- [Information]:
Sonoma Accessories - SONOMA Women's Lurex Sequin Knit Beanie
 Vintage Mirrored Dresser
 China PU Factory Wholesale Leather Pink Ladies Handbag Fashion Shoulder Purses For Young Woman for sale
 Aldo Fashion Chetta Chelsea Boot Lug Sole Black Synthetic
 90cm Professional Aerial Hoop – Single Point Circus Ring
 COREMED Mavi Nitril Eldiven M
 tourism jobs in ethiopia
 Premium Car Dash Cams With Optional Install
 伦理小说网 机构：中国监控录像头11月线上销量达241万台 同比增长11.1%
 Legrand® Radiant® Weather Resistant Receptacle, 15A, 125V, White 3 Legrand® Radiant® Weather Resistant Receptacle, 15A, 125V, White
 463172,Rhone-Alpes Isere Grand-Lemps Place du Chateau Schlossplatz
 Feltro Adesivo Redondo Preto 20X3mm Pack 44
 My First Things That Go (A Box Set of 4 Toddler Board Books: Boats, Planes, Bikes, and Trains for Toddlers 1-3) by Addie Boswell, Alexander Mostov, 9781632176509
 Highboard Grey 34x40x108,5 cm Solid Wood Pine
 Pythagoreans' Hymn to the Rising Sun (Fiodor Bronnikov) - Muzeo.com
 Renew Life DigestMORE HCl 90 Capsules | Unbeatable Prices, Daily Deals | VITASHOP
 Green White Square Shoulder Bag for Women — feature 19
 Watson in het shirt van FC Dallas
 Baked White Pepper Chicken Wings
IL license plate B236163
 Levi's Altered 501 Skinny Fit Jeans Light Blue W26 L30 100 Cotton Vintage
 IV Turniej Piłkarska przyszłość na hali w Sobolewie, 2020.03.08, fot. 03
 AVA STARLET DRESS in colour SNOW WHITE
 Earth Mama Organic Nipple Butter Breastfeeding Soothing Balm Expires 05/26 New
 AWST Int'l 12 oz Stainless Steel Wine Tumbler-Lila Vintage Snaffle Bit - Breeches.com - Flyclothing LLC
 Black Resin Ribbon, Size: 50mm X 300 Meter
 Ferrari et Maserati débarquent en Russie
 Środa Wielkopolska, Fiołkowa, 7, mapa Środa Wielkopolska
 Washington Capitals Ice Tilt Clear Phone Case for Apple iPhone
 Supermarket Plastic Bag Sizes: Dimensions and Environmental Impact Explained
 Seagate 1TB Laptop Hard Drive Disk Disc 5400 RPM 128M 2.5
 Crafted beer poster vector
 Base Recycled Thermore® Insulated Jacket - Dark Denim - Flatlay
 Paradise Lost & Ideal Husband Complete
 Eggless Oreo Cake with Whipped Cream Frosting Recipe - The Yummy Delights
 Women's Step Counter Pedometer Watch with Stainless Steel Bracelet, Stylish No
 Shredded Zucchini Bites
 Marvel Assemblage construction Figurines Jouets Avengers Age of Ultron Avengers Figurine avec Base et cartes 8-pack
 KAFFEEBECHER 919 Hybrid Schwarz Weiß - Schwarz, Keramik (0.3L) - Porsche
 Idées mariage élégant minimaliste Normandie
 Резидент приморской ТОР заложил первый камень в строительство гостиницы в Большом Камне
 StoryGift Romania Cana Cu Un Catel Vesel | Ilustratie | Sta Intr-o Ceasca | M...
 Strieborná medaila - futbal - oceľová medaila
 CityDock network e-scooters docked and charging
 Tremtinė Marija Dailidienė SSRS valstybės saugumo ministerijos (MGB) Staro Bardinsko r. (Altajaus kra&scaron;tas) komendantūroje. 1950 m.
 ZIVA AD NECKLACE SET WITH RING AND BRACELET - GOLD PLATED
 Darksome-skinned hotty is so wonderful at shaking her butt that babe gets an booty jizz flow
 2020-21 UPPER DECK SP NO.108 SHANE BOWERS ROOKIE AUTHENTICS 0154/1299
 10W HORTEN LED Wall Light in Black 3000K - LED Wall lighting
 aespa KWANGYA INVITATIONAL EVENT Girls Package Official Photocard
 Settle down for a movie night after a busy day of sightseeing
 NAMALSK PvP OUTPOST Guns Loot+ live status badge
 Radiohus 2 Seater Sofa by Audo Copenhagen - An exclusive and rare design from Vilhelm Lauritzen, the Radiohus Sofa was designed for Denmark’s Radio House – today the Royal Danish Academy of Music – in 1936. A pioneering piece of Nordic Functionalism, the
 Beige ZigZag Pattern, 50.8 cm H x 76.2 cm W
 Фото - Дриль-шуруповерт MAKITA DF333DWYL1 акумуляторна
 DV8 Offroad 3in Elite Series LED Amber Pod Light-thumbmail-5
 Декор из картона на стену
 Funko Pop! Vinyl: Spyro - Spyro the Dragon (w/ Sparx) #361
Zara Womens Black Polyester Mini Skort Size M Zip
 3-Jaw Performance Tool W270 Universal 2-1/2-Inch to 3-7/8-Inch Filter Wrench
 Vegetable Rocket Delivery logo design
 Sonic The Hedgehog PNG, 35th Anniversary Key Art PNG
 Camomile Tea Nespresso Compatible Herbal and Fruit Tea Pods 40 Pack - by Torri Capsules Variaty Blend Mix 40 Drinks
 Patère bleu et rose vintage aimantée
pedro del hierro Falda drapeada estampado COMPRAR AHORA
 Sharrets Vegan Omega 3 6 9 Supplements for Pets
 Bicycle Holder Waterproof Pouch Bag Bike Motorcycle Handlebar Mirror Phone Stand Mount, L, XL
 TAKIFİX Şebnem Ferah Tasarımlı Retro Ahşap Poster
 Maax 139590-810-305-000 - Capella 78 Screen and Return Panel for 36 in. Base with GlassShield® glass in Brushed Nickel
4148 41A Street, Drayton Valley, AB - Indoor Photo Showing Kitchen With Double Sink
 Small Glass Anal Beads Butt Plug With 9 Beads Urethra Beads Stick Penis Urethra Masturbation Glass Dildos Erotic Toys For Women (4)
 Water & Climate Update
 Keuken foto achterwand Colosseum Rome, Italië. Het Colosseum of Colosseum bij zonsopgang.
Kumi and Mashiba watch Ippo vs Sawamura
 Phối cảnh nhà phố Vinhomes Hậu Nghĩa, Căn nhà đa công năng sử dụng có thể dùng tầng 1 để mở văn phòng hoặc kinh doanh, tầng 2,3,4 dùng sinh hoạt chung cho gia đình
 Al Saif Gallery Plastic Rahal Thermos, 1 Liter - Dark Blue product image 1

- [Work to complete]: In the listing above, how many lines include the word "Shoulder"? Answer with the number and nothing more.

- [The completed task]: 2